Concrètement, le coefficient d’énergie primaire de l’électricité, actuellement fixé à 2,3, sera abaissé à 1,9. Ce changement vise à mieux refléter le mix énergétique français, marqué par une forte part de production décarbonée (notamment nucléaire), et à corriger une inégalité qui défavorisait jusqu’ici les logements chauffés à l’électricité. Jusqu’à présent, même des habitations rénovées restaient mal classées en raison de ce facteur de conversion jugé trop pénalisant. Selon Matignon, ce changement permettra à 850 000 logements de sortir du statut de passoires énergétiques, en majorité des logements chauffés électriquement. Cela allège également la pression sur les propriétaires bailleurs, certains étant menacés d’interdiction de louer à cause de seuils DPE très stricts.
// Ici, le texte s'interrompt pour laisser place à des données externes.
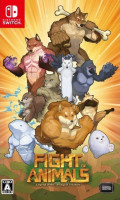 Fight of Animals (import) NS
Pour le gouvernement, cette réforme envoie un signal clair en faveur d’une électrification des usages et d’un DPE plus équitable. Mais cette décision relance aussi les critiques sur la stabilité du DPE, régulièrement modifié depuis sa refonte en 2021. Professionnels du diagnostic et particuliers devront une nouvelle fois s’adapter. Beaucoup s’interrogent déjà sur la valeur des DPE réalisés avant 2026, et sur l’intérêt de retarder certaines ventes ou audits énergétiques dans l’attente du nouveau mode de calcul. Reste à voir si cette réforme suffira à rétablir la confiance dans un outil essentiel à la transition énergétique, mais encore largement perfectible dans sa mise en œuvre.